§ **RECORDS FOR THE TASK**:
<<<<

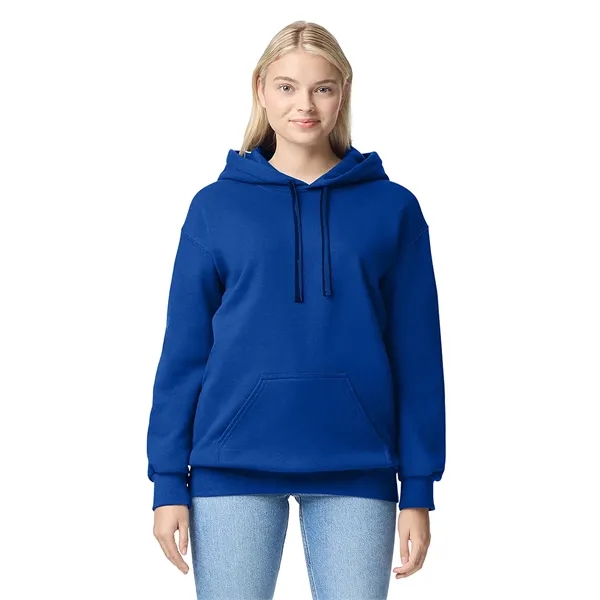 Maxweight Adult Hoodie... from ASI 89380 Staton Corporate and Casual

>>>>
<<<<

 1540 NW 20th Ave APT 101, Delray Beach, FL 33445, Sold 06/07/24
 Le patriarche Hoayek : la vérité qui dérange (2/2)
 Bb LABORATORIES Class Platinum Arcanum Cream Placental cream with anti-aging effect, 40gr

>>>>

§ **PROBLEM DETAILS**: Repeat exactly the lines of the listing above, from the one with "1540 NW 20th" down to the one with "Bb LABORATORIES Class"; both of those lines belong in the range.

§ **SOLUTION BELOW**:
 1540 NW 20th Ave APT 101, Delray Beach, FL 33445, Sold 06/07/24
 Le patriarche Hoayek : la vérité qui dérange (2/2)
 Bb LABORATORIES Class Platinum Arcanum Cream Placental cream with anti-aging effect, 40gr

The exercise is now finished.